== ACTIVITY ==
Repeat, word for word, all the data that follows, and exclude the pictures.

== DATA EXTRACTS ==
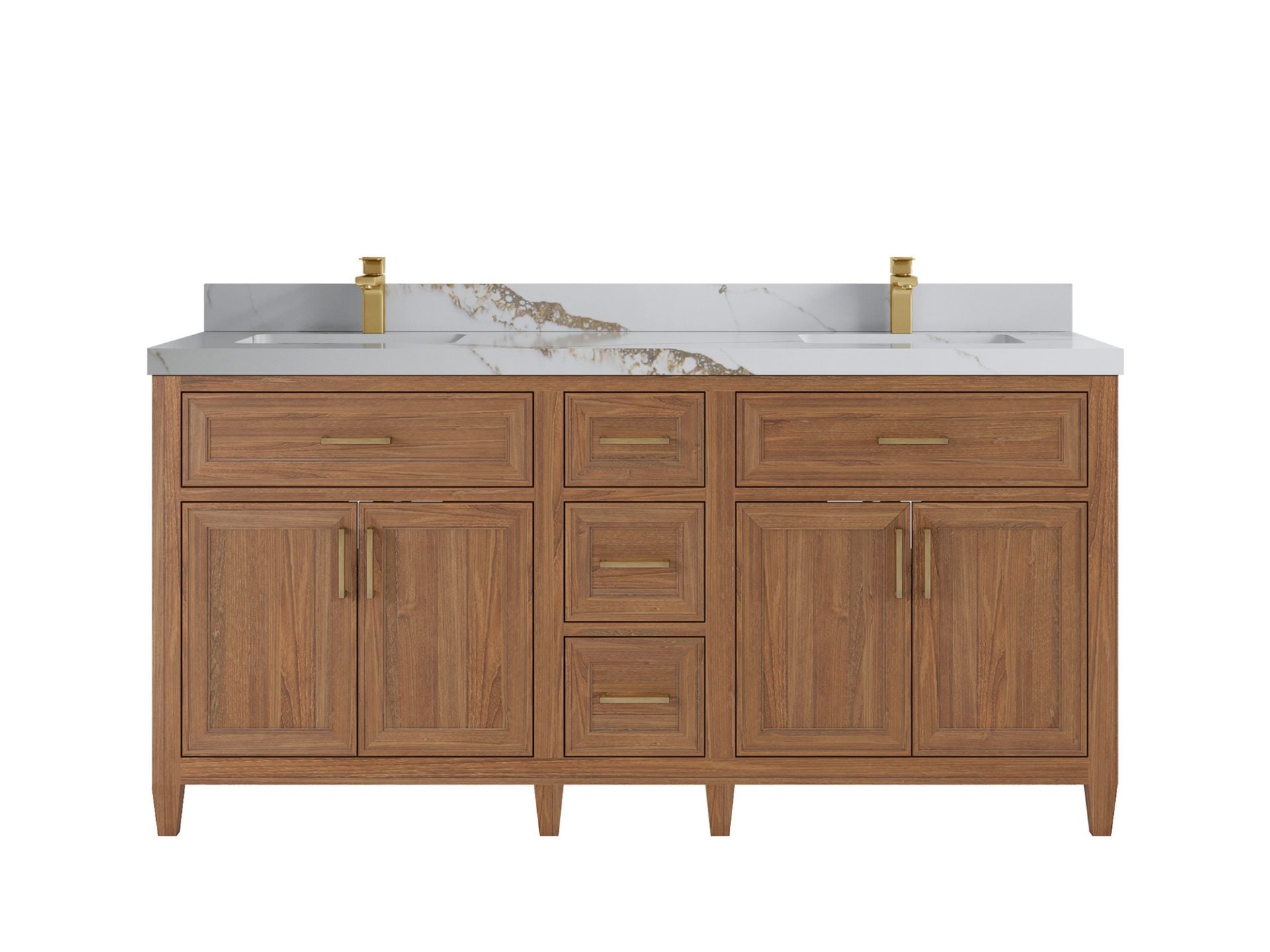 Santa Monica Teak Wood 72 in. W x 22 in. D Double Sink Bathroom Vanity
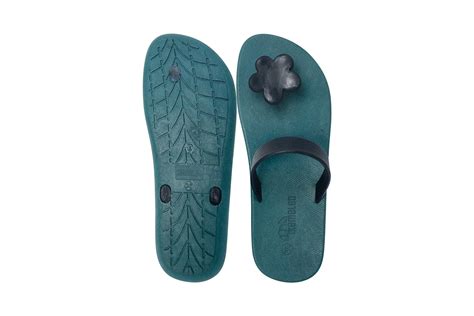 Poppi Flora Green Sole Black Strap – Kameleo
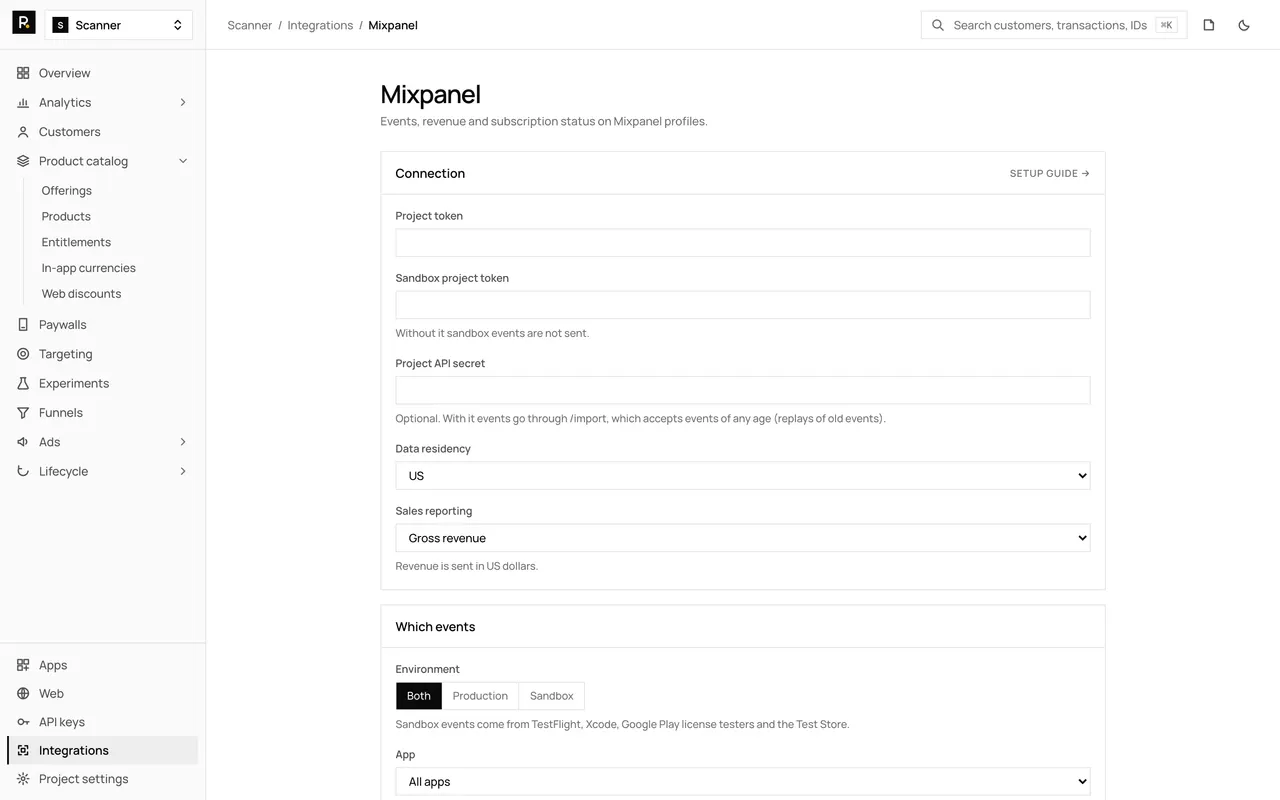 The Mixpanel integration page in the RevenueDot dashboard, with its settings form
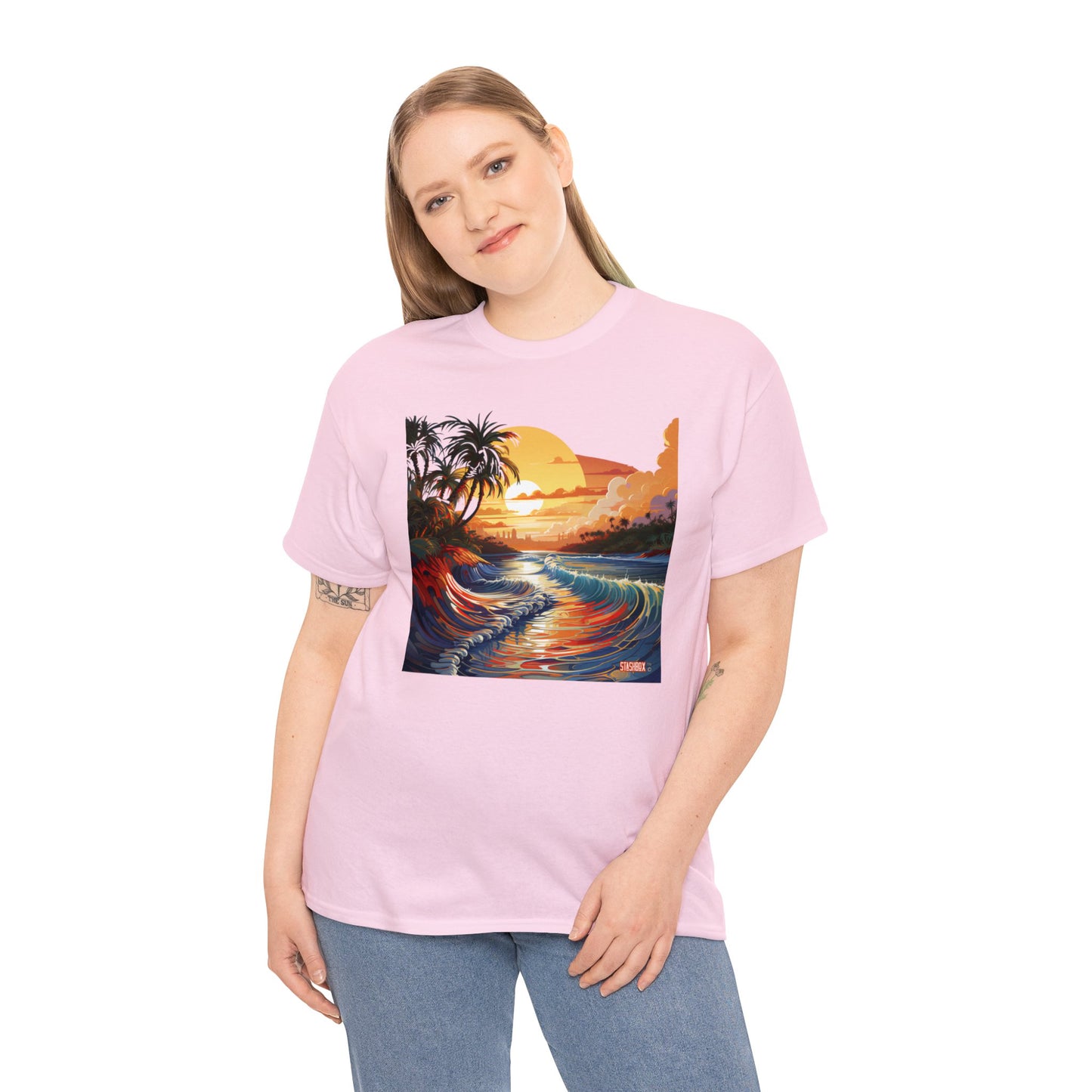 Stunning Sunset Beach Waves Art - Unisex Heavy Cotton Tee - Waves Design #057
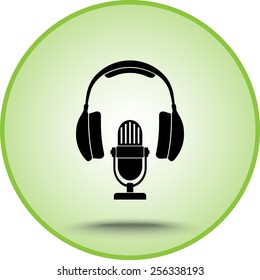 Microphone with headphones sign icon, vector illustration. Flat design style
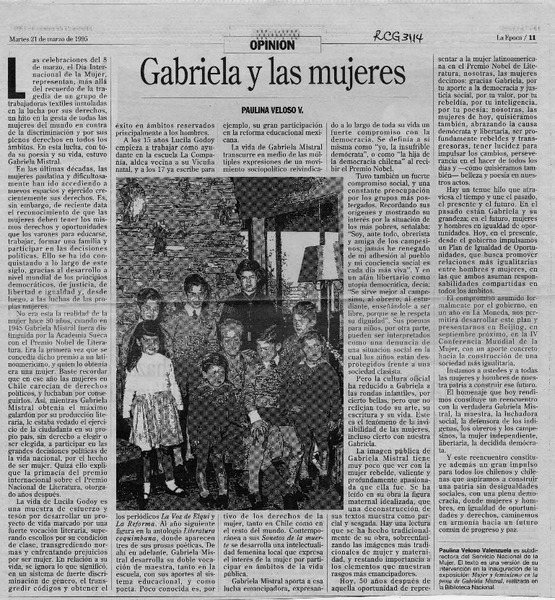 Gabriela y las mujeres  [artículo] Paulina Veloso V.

== WRITTEN SOLUTION ==
 Santa Monica Teak Wood 72 in. W x 22 in. D Double Sink Bathroom Vanity
 Poppi Flora Green Sole Black Strap – Kameleo
 The Mixpanel integration page in the RevenueDot dashboard, with its settings form
 Stunning Sunset Beach Waves Art - Unisex Heavy Cotton Tee - Waves Design #057
 Microphone with headphones sign icon, vector illustration. Flat design style
 Gabriela y las mujeres  [artículo] Paulina Veloso V.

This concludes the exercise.